St Bartholomew's Church is in the village of Chipping, Lancashire, England. It is an active Anglican parish church in the deanery of Whalley, the archdeaconry of Blackburn, and the diocese of Blackburn. Its benefice is united with that of St Michael, Whitewell. The church is recorded in the National Heritage List for England as a designated Grade II* listed building.

==History==

A church has been present in the village since at least 1230, and it is possible that a church was here during the Saxon era. The tower was added in about 1450, and the rest of the church was rebuilt in 1506. Further rebuilding took place in 1872, and most of the exterior is the result of that rebuilding.

==Architecture==

===Exterior===
St Bartholomew's is constructed in sandstone rubble with a stone slate roof. Its plan consists of a three-bay nave, north and south aisles, a two-bay chancel, a south porch, and a west tower. The tower is in three stages, with diagonal buttresses. It has a west doorway, above which is a three-light window. The bell openings have two lights. On the south side of the roof of the body of the church is a dormer with a five-light mullioned window under a timber gable. In the south wall of the chancel is a priest's door. The east window has five lights.

===Interior===
Inside the church there is no division between the nave and the chancel. The five-bay arcade is carried on octagonal piers, the arches on the north side being lower and more pointed. Some of the capitals on the north arcade have carvings; these include a female head dating from the 14th century, a snake, flowers, and a pair of faces. In the south wall of the chancel is a 13th-century piscina. The octagonal font has concave sides and is crudely carved with emblems, including the instruments of the Passion. One of the windows contains stained glass by Shrigley and Hunt dating from 1966 with a semi-abstract design. In the church is a brass to the two wives of Robert Parkingson; they died in 1611 and 1623 respectively. Another brass is to the 15th Earl of Derby who died in 1893. There are also monuments dated 1777 and 1816. The two-manual pipe organ was made in 1876 by Henry Willis, and restored in 2003 by David Wells.
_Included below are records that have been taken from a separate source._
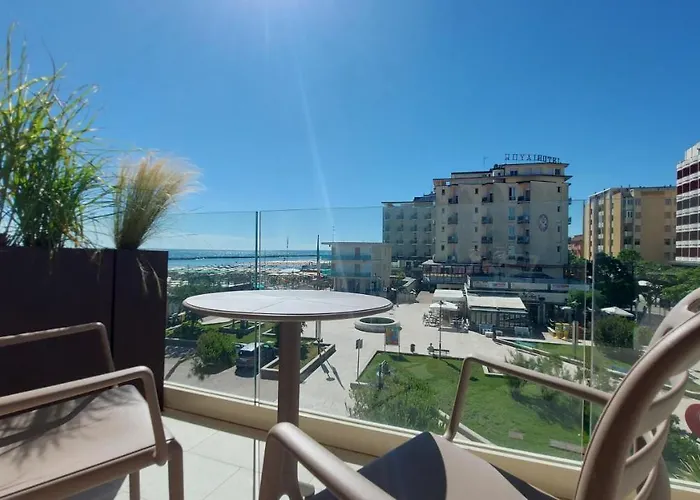 Hotel Miomar Cesenatico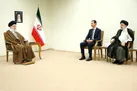 رهبر معظم انقلاب: سوریه در یک جنگ بین‌المللی پیروز شد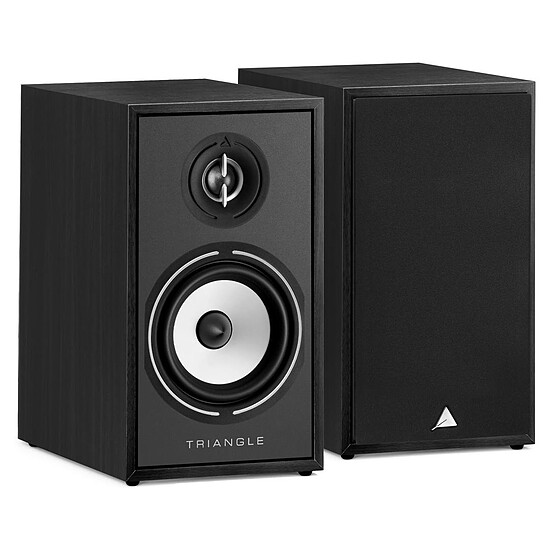 Enceintes HiFi / Home-Cinéma Triangle Pack Borea BR08 Noir 5.0 - Autre vue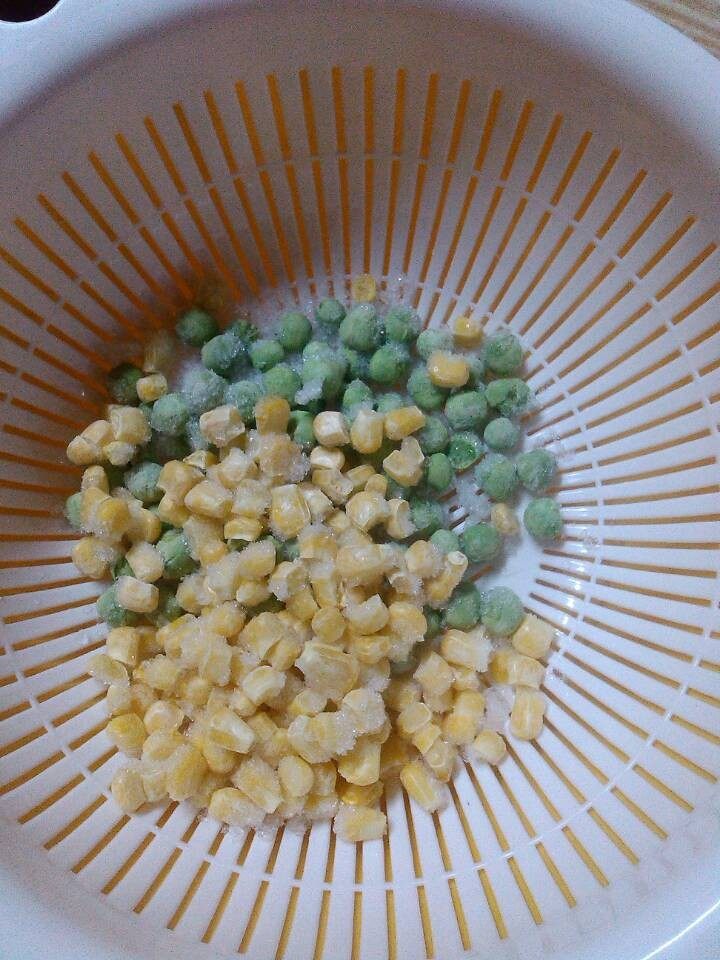 排骨蔬菜粥步骤3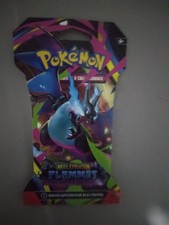 pokemon lot de 4 booster scellé sous blister ME 2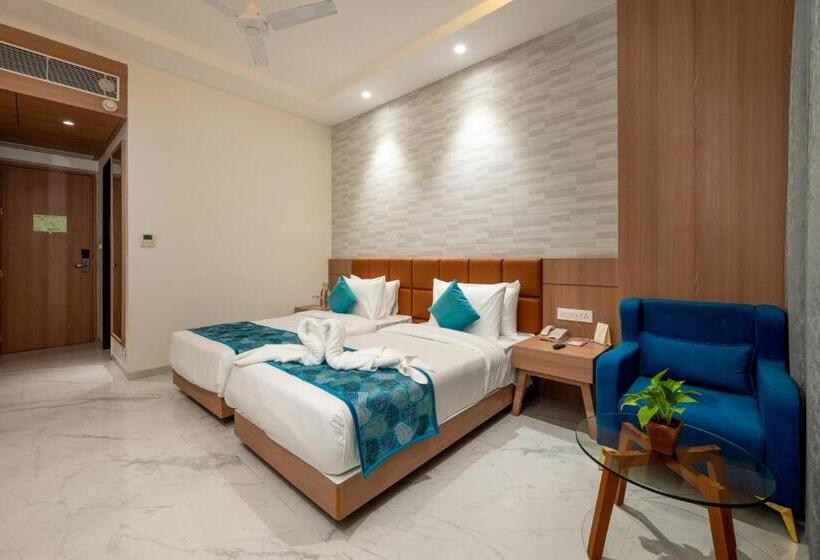 Номер Премиум, The Orchid Jamnagar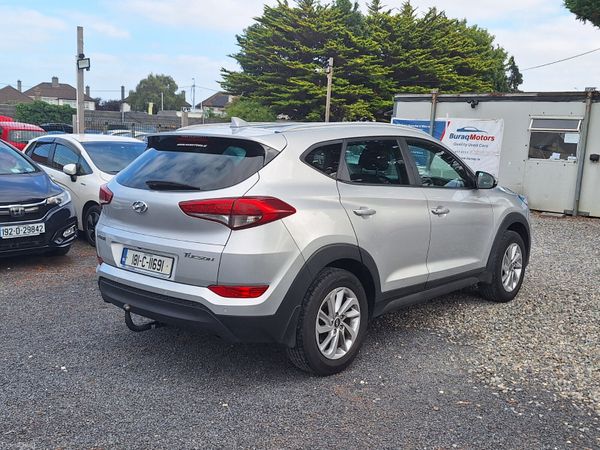 2018 Hyundai Tucson| leather seats 362521309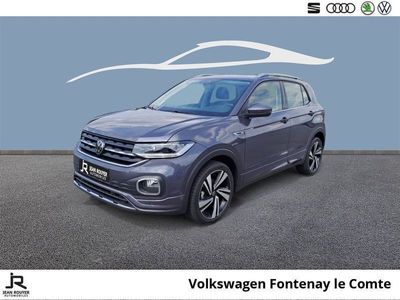 occasion VW T-Cross - 1.0 TSI 110 Start/Stop BVM6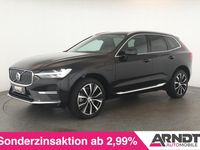 Gebraucht Volvo XC60 Core 349 PS (256 kW) 2023 Onyx black SUV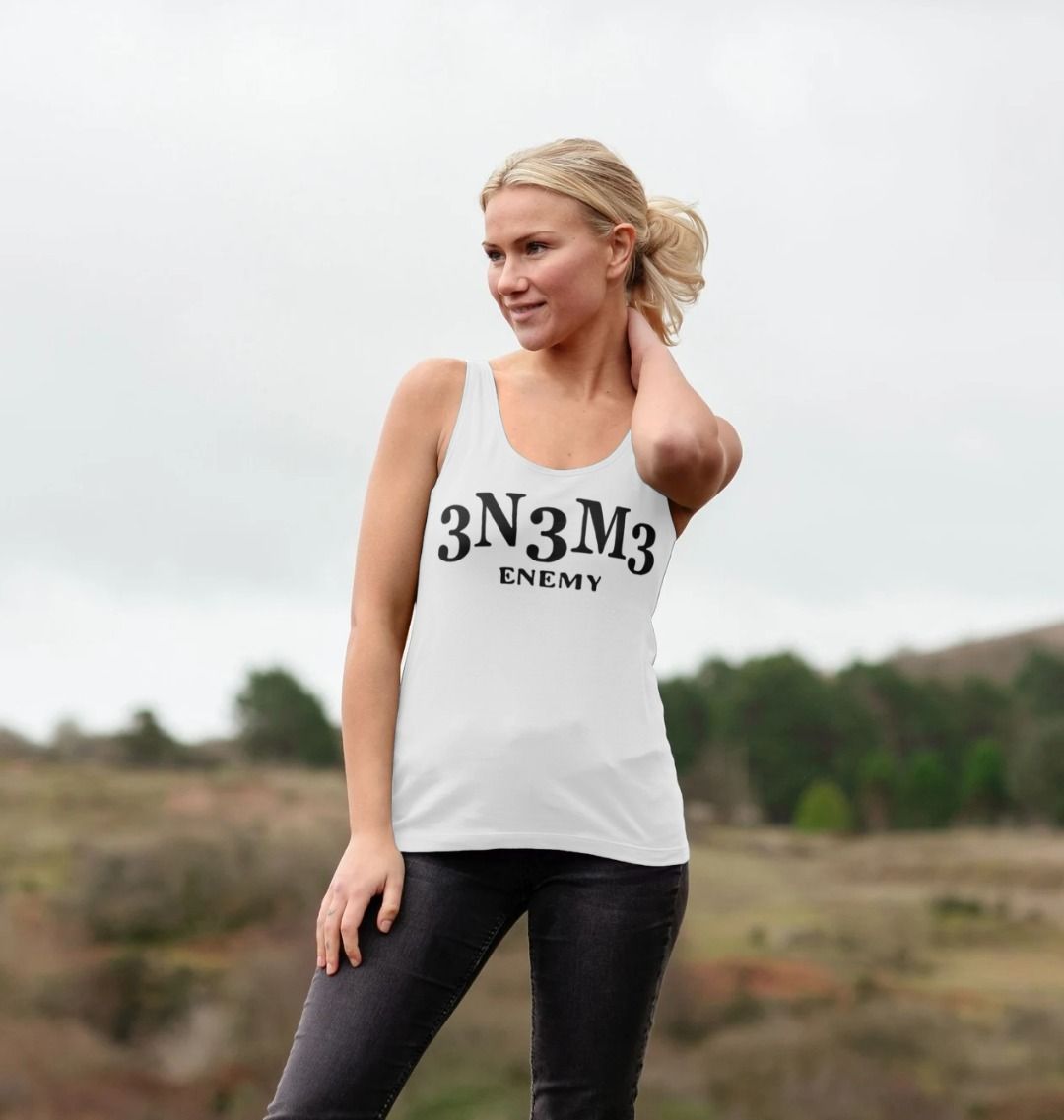 3.N.3.M.3 Enemy Women's Vest 1.0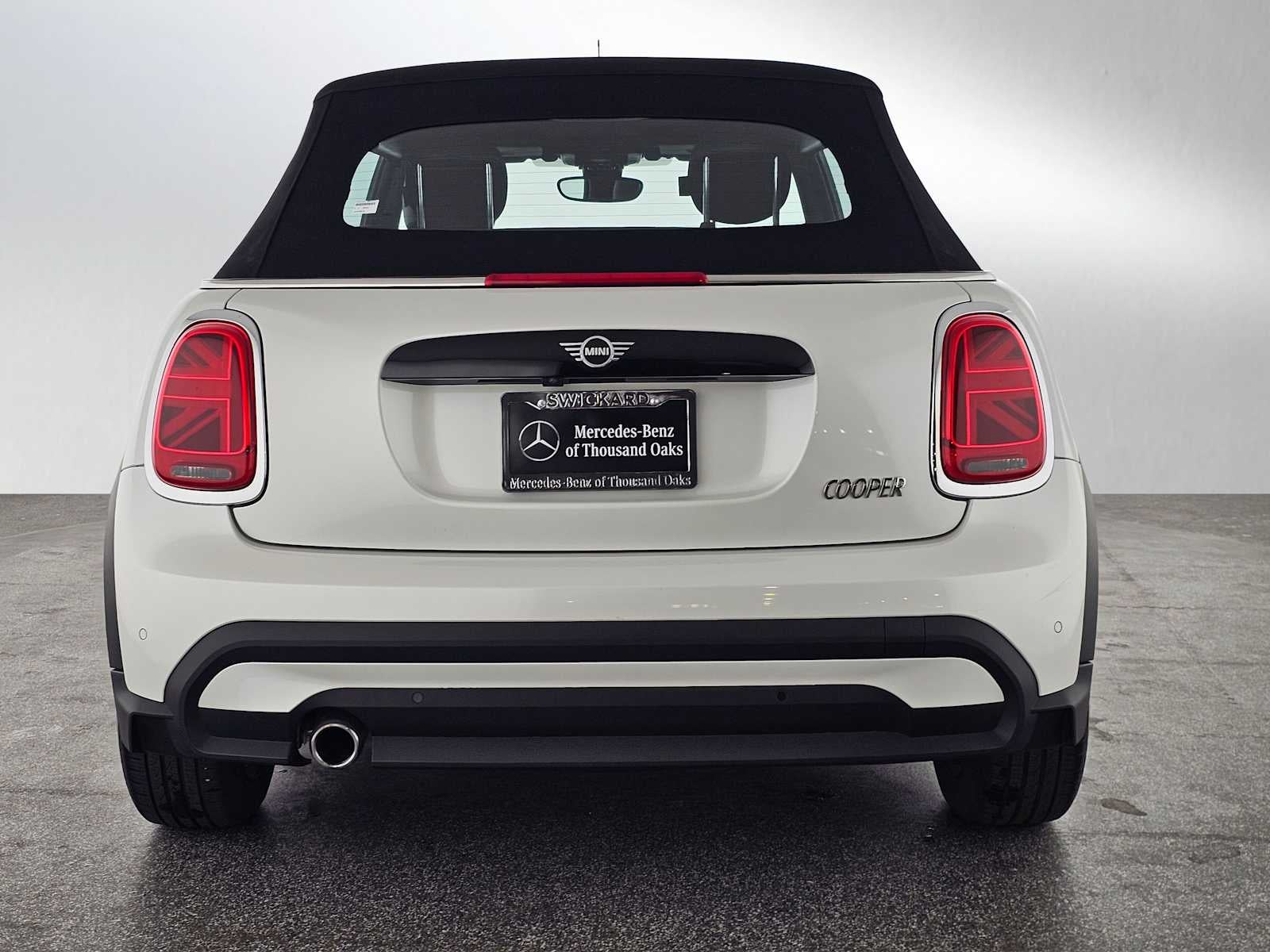 2023 MINI Convertible Cooper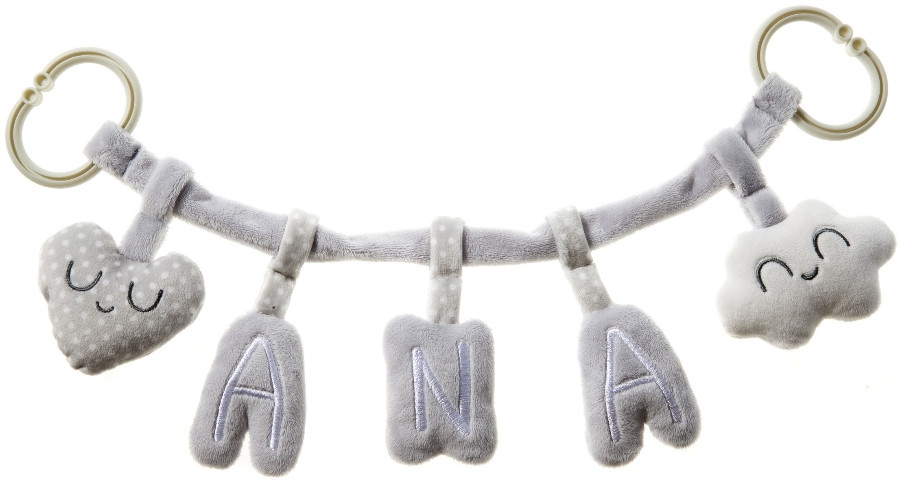 Artesavi Letter S voor Universele Speelspanner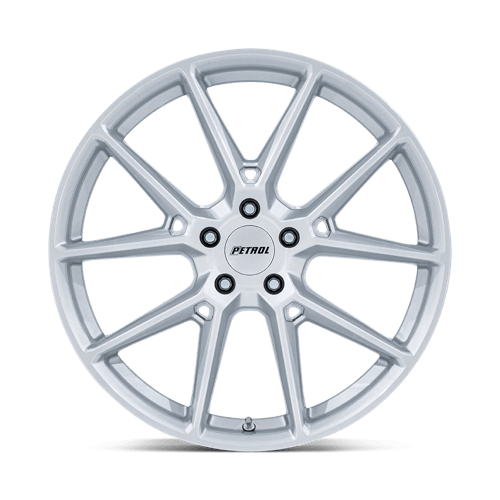 P1E 17X8 5X4.5 72 +40 G-SLV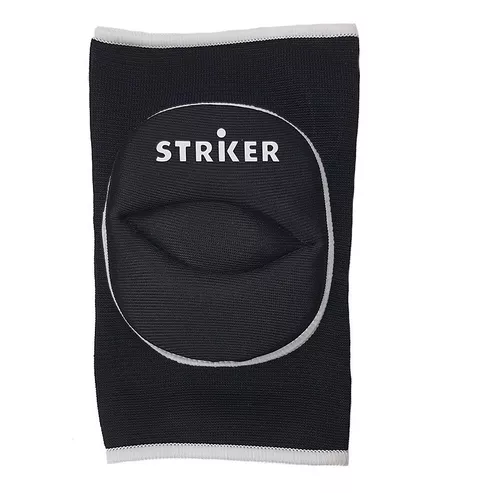 Rodilleras Striker Econ Voley Negra Adulto 119/3 Empo2000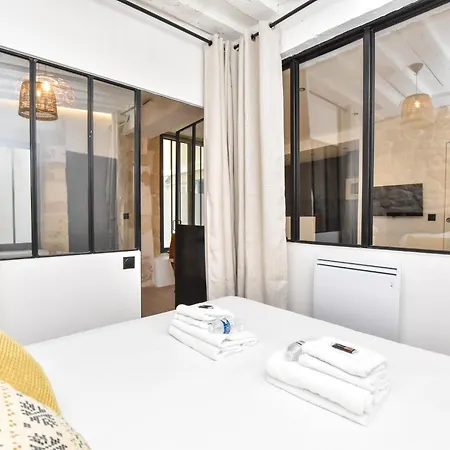 Cosy - 1br - 4p - Bonne-nouvelle *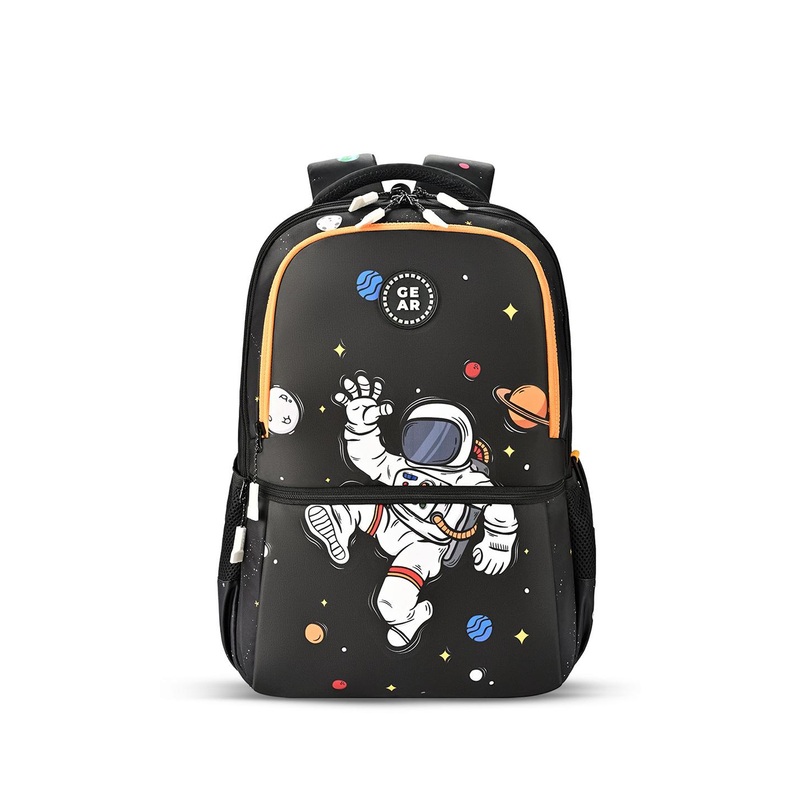 Gear Unisex Padded Strap Backpack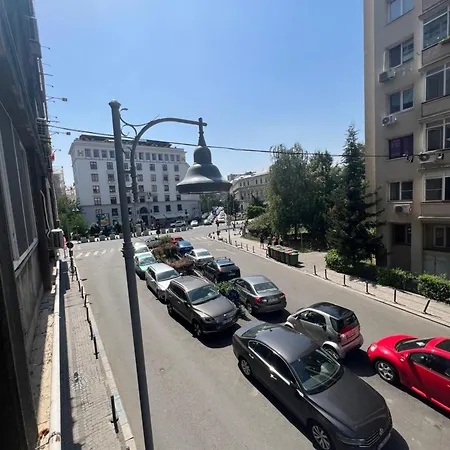 Calea Victoriei Cozy * Bukarest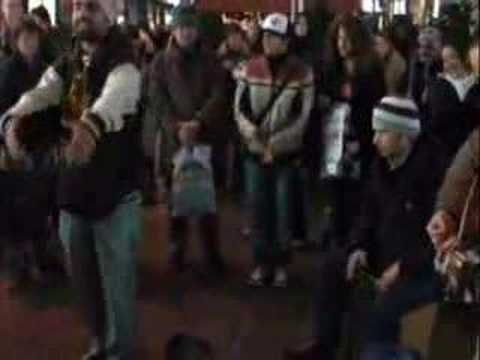 Fayzen und Ilhan Sen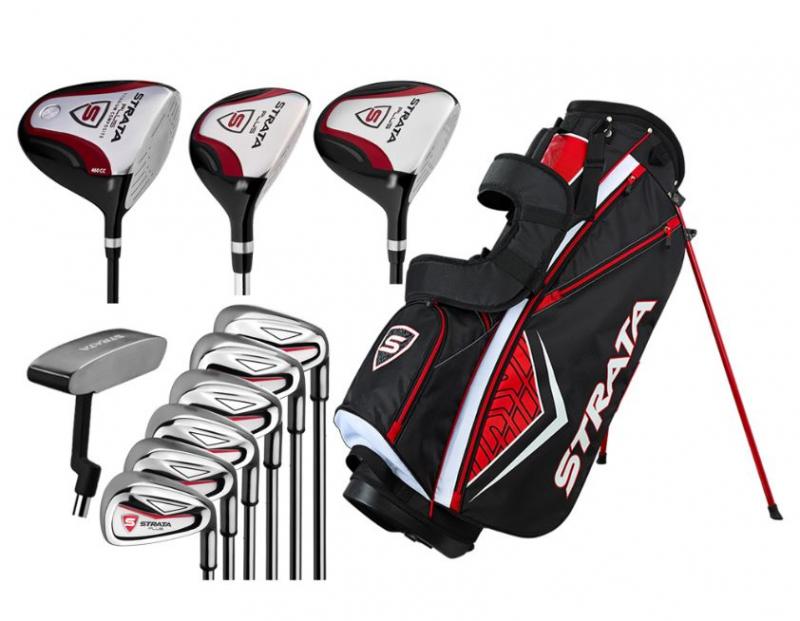 Could This Be The Best Junior Golf Club Set: Discover The Callaway XJ2 Complete Golf Set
There is a ring of six bells, all of which were cast in 1793 by Thomas Mears I at the Whitechapel Bell Foundry.

==External features==

In the churchyard, to the south of the church, is a sundial dated 1708. It is in sandstone, and consists of a square base with three steps, supporting a square fluted Doric column with a base and a capital. On the top is a round brass plate with a gnomon. On the side of the sundial is a plaque inscribed with initials and the date. The sundial is listed at Grade II. Also listed at Grade II are the walls around the churchyard, and the flight of steps leading up towards the church.